Koomansontvanger
Nicolaas Koomans (1879 – 1945) is een technicus in hart en nieren. Radiotechniek is zijn lust en leven. Hij vervult diverse functies op dit terrein: Hoofdingenieur der Telegrafie en telefonie, Chef van het Radiolaboratorium van de Rijkstelegraaf en Buitengewoon hoogleraar aan de Technische Hogeschool in Delft (tegenwoordig de Technische Universiteit).
Hij legt zich aan het begin van de twintigste eeuw toe op het ontwikkelen van de radiotechniek. Verbindingen over grote afstanden vereisen nog grote apparaten met lange antennes. Na de Eerste Wereldoorlog werkt hij aan het verbeteren van de Korte Golftechniek om het verkeer met Nederlands Indië te verbeteren. Met deze technieken is het mogelijk met kleinere apparaten en minder energie grote afstanden te overbruggen.
In 1922 ontwikkelt hij een ontvanger die zijn naam zal krijgen, de Koomansontvanger. Hij gebruikt drie buizen, de eerste om het antennesignaal (hoogfrequente versterking) te versterken, een tweede om het signaal te demoduleren, ( detecteren), en de derde buis moet het laagfrequente product van de detectie sterk genoeg maken (laagfrequente versterking) om een luidspreker aan te sturen. Door gebruik te maken van hoogfrequentversterking kan worden volstaan met kleinere antennes en wordt het ontvangstbereik vergroot.

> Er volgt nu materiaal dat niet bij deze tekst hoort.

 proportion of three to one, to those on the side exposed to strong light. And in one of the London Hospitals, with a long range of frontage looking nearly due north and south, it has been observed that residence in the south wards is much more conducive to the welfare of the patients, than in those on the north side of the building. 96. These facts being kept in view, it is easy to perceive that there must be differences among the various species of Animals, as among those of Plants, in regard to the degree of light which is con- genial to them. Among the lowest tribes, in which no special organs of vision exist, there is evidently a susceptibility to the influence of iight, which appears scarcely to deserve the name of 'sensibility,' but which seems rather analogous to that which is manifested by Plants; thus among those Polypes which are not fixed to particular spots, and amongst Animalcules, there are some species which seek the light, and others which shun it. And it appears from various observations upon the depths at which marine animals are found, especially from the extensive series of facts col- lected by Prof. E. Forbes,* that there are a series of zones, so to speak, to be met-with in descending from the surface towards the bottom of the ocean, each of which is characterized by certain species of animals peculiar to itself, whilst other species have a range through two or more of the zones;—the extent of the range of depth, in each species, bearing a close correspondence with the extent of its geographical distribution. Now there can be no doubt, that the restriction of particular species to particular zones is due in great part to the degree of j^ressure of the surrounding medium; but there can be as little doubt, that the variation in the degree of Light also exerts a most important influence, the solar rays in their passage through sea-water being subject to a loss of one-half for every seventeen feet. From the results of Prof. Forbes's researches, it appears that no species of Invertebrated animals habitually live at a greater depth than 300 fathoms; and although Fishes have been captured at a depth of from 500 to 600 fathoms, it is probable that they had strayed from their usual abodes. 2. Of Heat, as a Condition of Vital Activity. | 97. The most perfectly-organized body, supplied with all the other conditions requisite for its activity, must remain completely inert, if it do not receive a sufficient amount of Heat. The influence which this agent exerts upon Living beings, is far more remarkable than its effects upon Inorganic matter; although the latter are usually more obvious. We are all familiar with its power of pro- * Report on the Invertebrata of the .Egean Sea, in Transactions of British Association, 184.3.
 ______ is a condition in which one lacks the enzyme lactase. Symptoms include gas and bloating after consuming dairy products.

Een nadeel van de hoogfrequentversterking is dat het toestel instabiel kan raken. De instabiliteit is nagenoeg altijd in de vorm van het in oscilleren geraken van de HF lamp. Het toestel produceert een fluittoon als de oscillerende lamp interfereert met de ontvangen draaggolf. De HF lamp staat dicht bij de antenne. Het opgewekte signaal wordt door de antenne uitgezonden. Als een naburig toestel op dezelfde zender staat afgestemd produceert de oscillerende lamp ook daar een interfererende toon. Dit signaal wordt al snel Mexicaanse Hond genoemd. Een ander gevolg van de instabiliteit kan zijn dat de radio zelf signalen uit gaat zenden die in de omgeving door andere radio’s worden opgevangen. De radio gaat zelf als zender werken. Het vereist van de luisteraar dus enige vaardigheid bij het afstemmen om ongewenste signalen te voorkomen. De afstemming op de frequentie van de gewenste zender gebeurt door middel van twee variabele condensatoren van elk 450 pF (picofarad) en de honingraatspoelen die aan de buitenkant van de radio zitten. De eenvoudige opzet van dit apparaat maakt het amateurs mogelijk deze radio zelf na te bouwen.